Spencer’s view is that the industry will have fewer CRE professionals in ten years, not more, and that the roles remaining will be more competitive and better compensated. The consequence is that employers will not have the time or appetite to train fundamentals on the job the way they once did, candidates who arrive with a technical foundation already built have a structural advantage. The path that worked in 2020, get a degree, get a job, learn the mechanics over two or three years, is increasingly insufficient for the pace of change the industry is navigating.
What role does a program like the A.CRE Accelerator play in this environment?
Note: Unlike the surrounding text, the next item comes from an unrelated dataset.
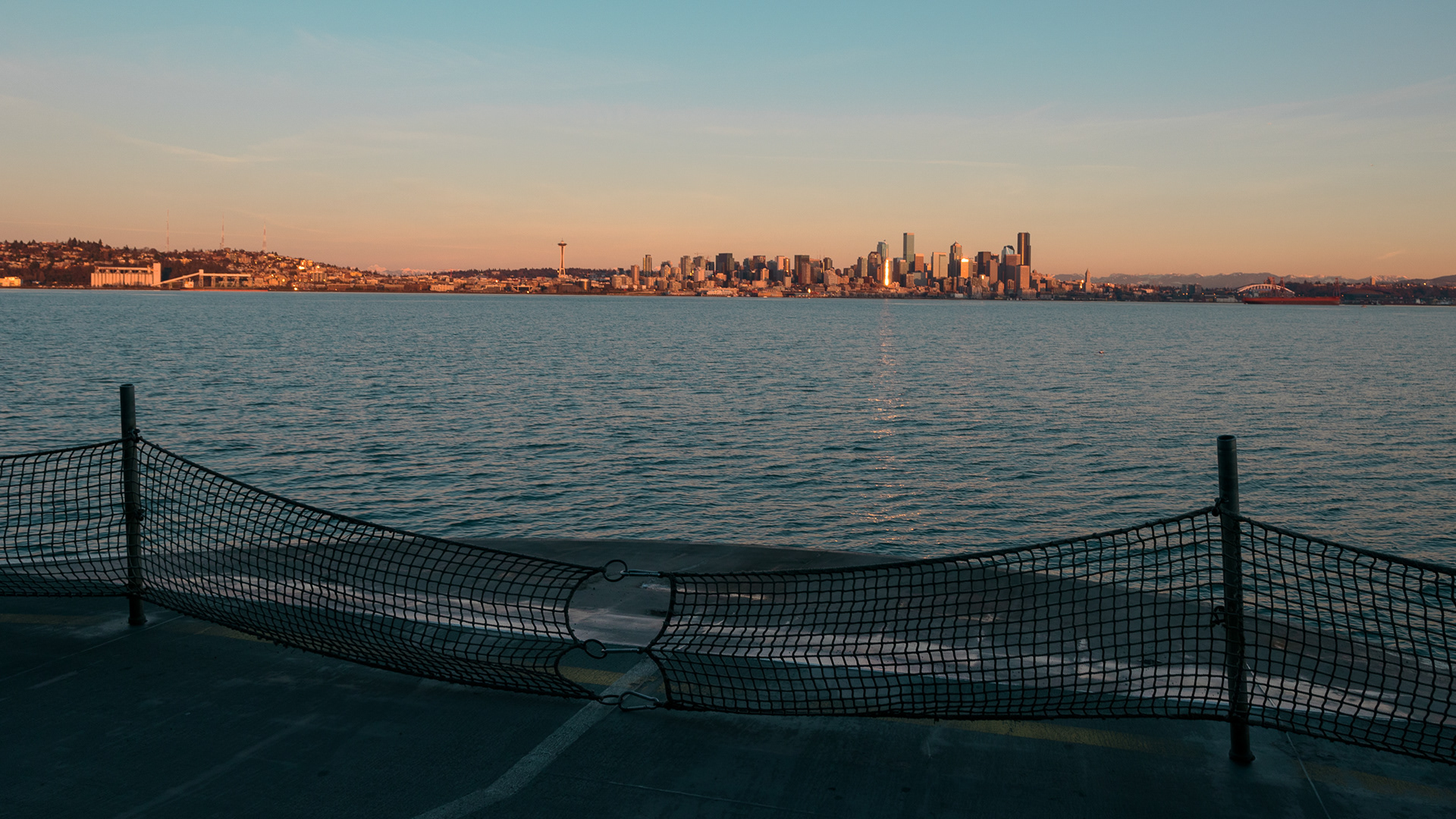 WA Ferry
Spencer described the A.CRE Accelerator as exactly the kind of technical foundation-building that matters now, focused on valuation mechanics, cash flow modeling, and the conceptual frameworks that let a CRE professional evaluate an AI’s output rather than simply accept it. Sam noted that the Accelerator has already begun integrating AI into its curriculum, reflecting where the industry is heading. Both agreed that the value of a program like this is not in replacing the university path but in building the technical depth that the traditional path rarely provides.
What is the main takeaway from this episode for CRE professionals navigating the AI era?
The conversation converges on two irreducible advantages: technical fundamentals deep enough to evaluate and direct AI outputs, and a team cohesive enough to sustain the work over the long arc. Neither substitutes for the other. The AI tools available through communities like AI.Edge can multiply what a skilled, well-grounded professional does, but only if the foundation is there. Sam put it cleanly: get better at the fundamentals, because the better you are, the more AI can multiply you. That’s the whole argument.